_MATERIAL PROVIDED_.

↓

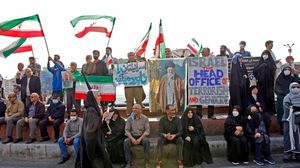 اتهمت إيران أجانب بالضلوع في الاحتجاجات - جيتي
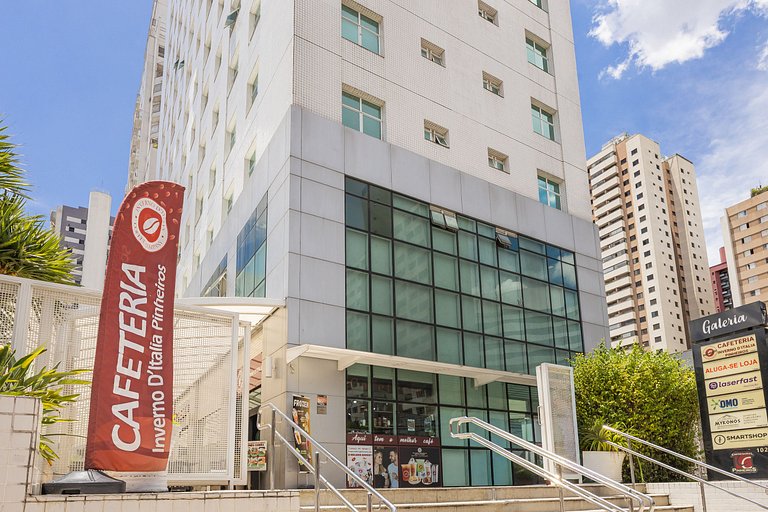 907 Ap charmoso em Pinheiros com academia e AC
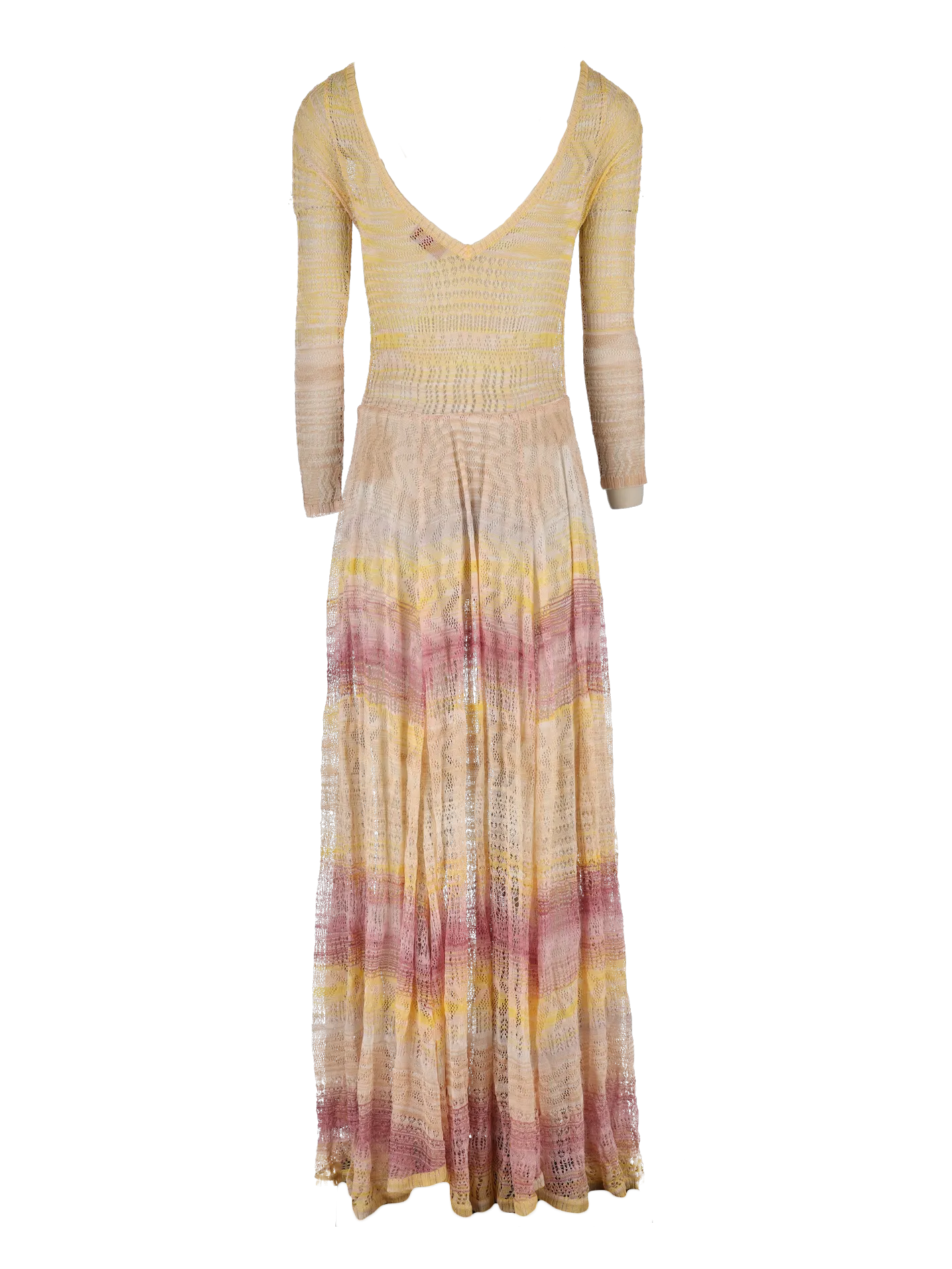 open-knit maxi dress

↑
↓

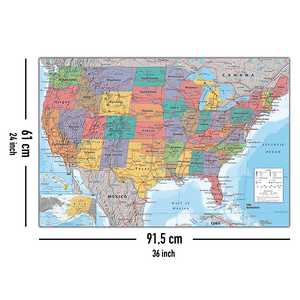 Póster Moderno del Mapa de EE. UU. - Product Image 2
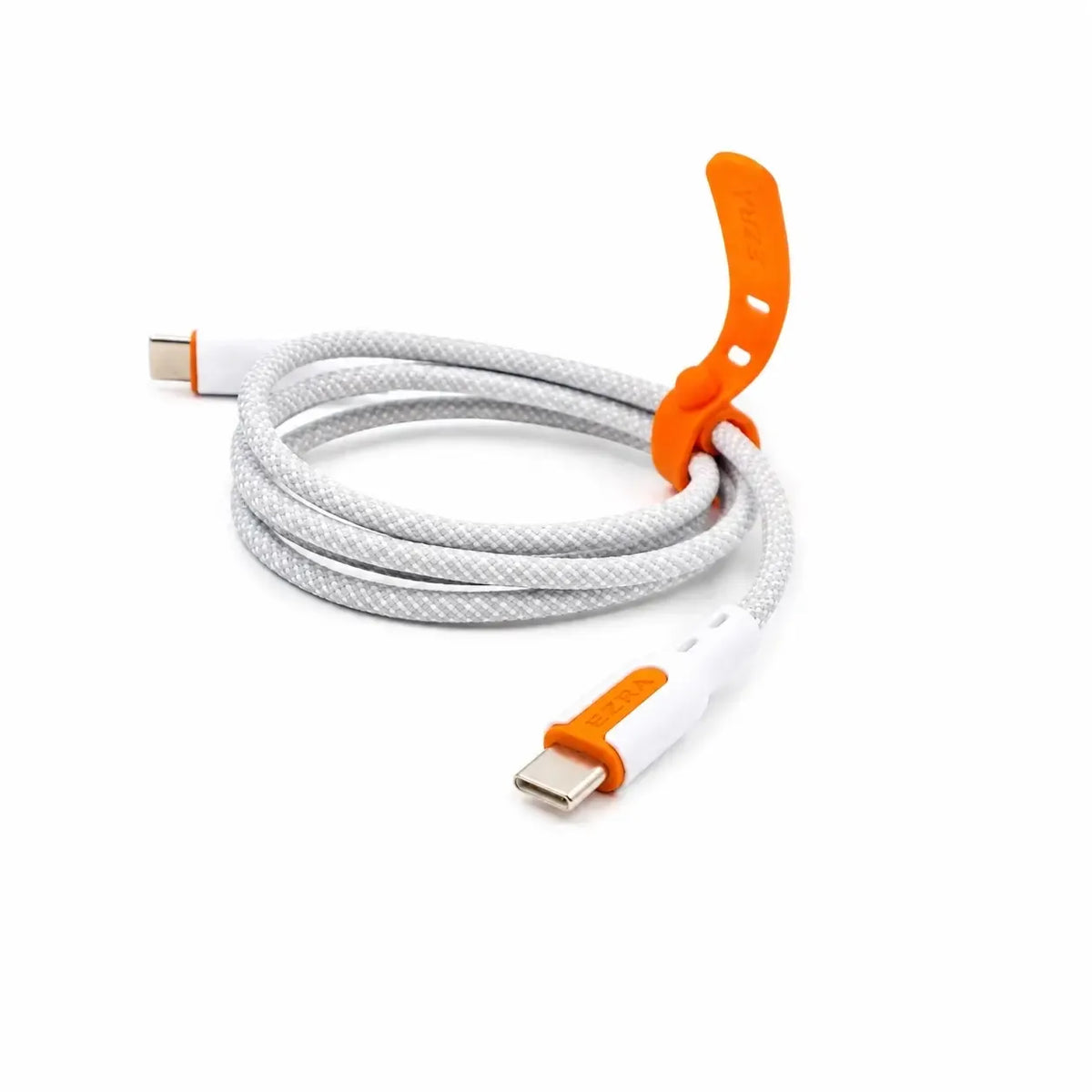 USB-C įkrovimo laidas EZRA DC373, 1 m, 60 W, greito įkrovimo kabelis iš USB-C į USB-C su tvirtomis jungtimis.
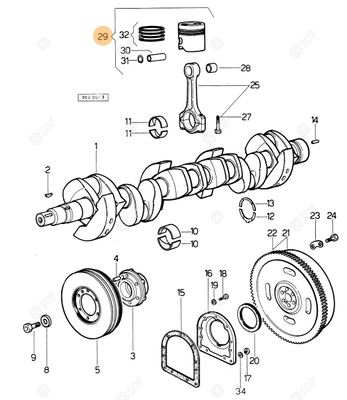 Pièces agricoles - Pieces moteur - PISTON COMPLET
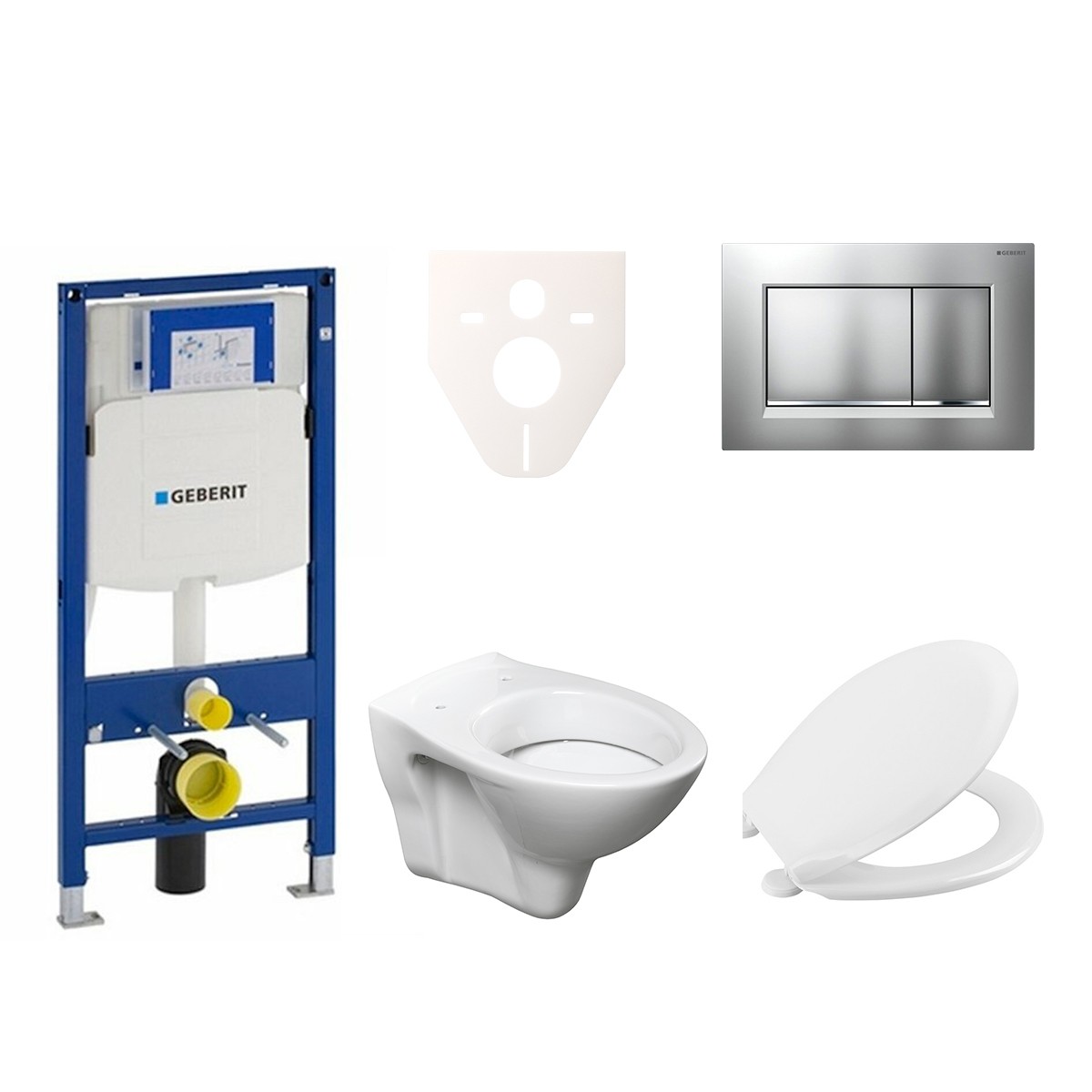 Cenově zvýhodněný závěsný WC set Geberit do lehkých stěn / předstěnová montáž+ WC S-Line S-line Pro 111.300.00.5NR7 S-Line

↑
↓

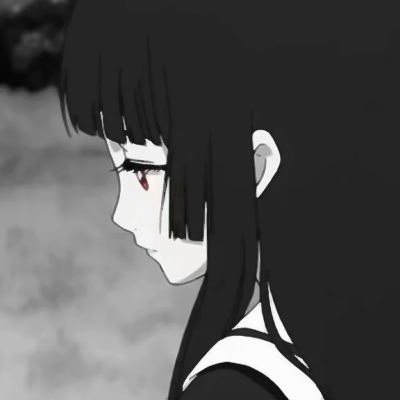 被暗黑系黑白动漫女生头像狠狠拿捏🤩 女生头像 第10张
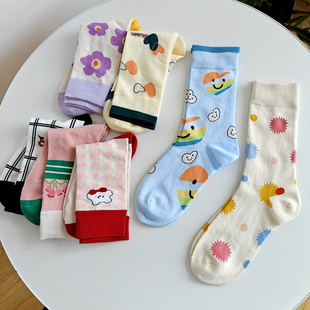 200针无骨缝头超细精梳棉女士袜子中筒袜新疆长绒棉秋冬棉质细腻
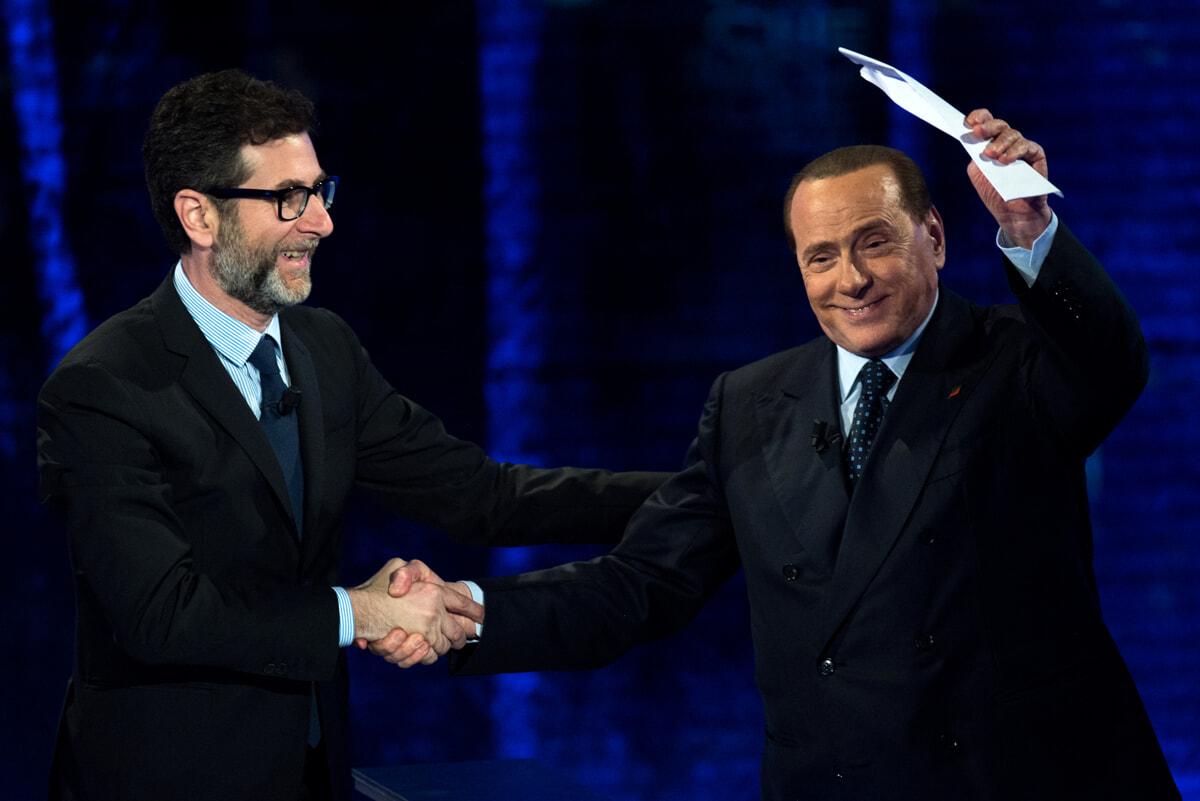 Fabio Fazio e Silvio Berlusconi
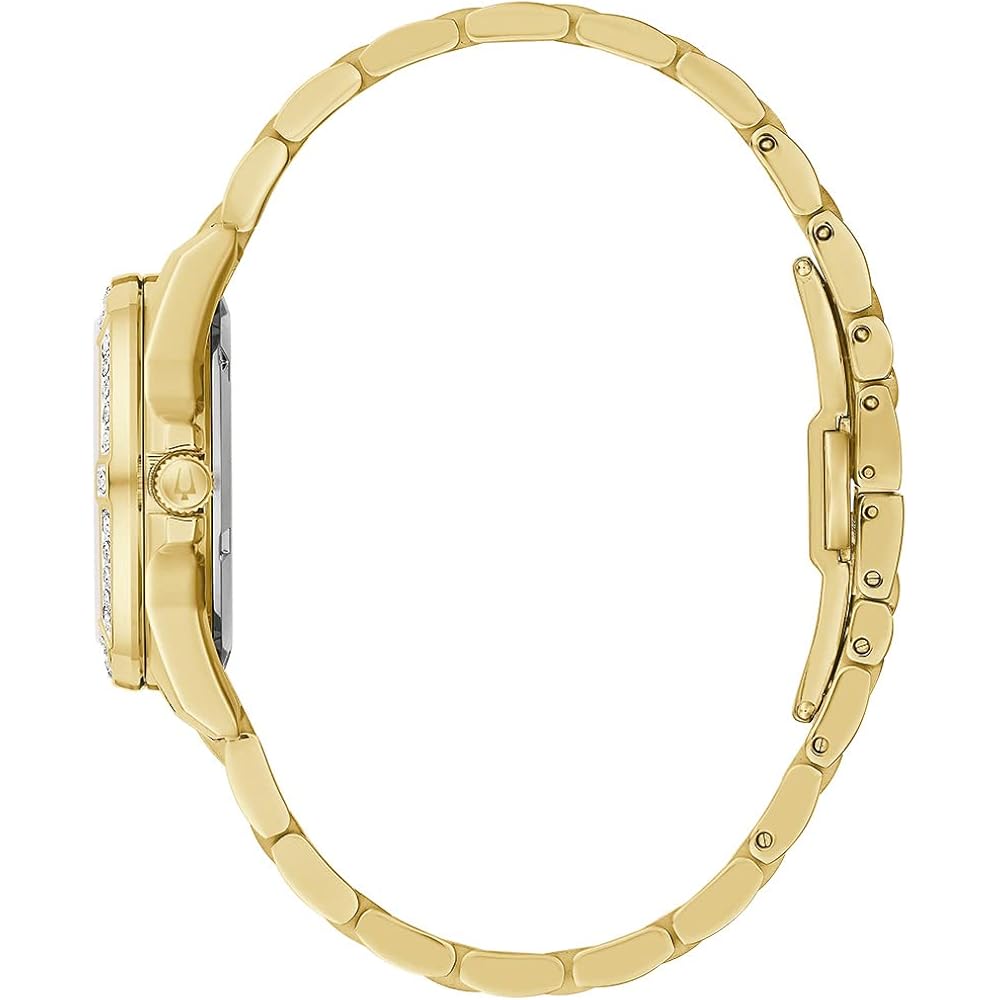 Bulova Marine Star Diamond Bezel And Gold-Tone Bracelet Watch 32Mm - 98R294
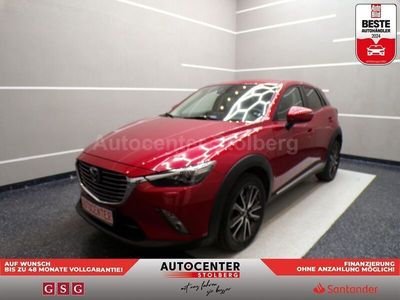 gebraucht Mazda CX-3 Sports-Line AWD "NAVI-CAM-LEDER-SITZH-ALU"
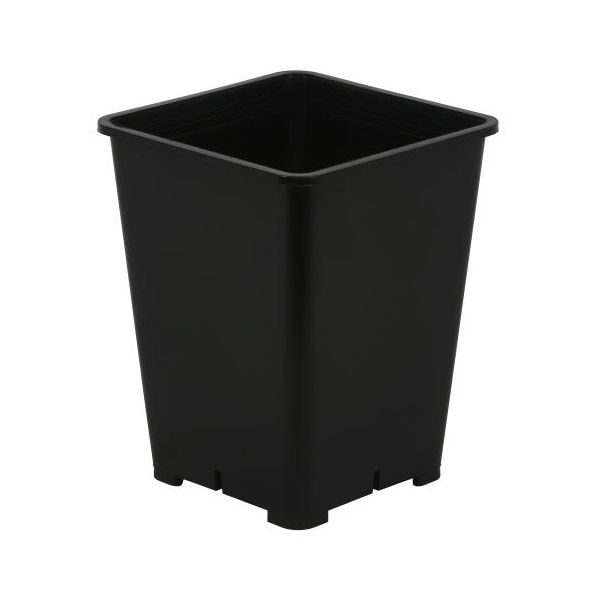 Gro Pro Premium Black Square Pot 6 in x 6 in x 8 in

↑

_TASK TO COMPLETE_. Repeat, word for word, the lines of the material above from the one holding "被暗黑系黑白动漫女生头像狠狠拿捏🤩 女生头像 第10张" through the one holding "Gro Pro Premium". Leave out pictures.

_ANSWER AREA_.
 被暗黑系黑白动漫女生头像狠狠拿捏🤩 女生头像 第10张
 200针无骨缝头超细精梳棉女士袜子中筒袜新疆长绒棉秋冬棉质细腻
 Fabio Fazio e Silvio Berlusconi
 Bulova Marine Star Diamond Bezel And Gold-Tone Bracelet Watch 32Mm - 98R294
 gebraucht Mazda CX-3 Sports-Line AWD "NAVI-CAM-LEDER-SITZH-ALU"
 Gro Pro Premium Black Square Pot 6 in x 6 in x 8 in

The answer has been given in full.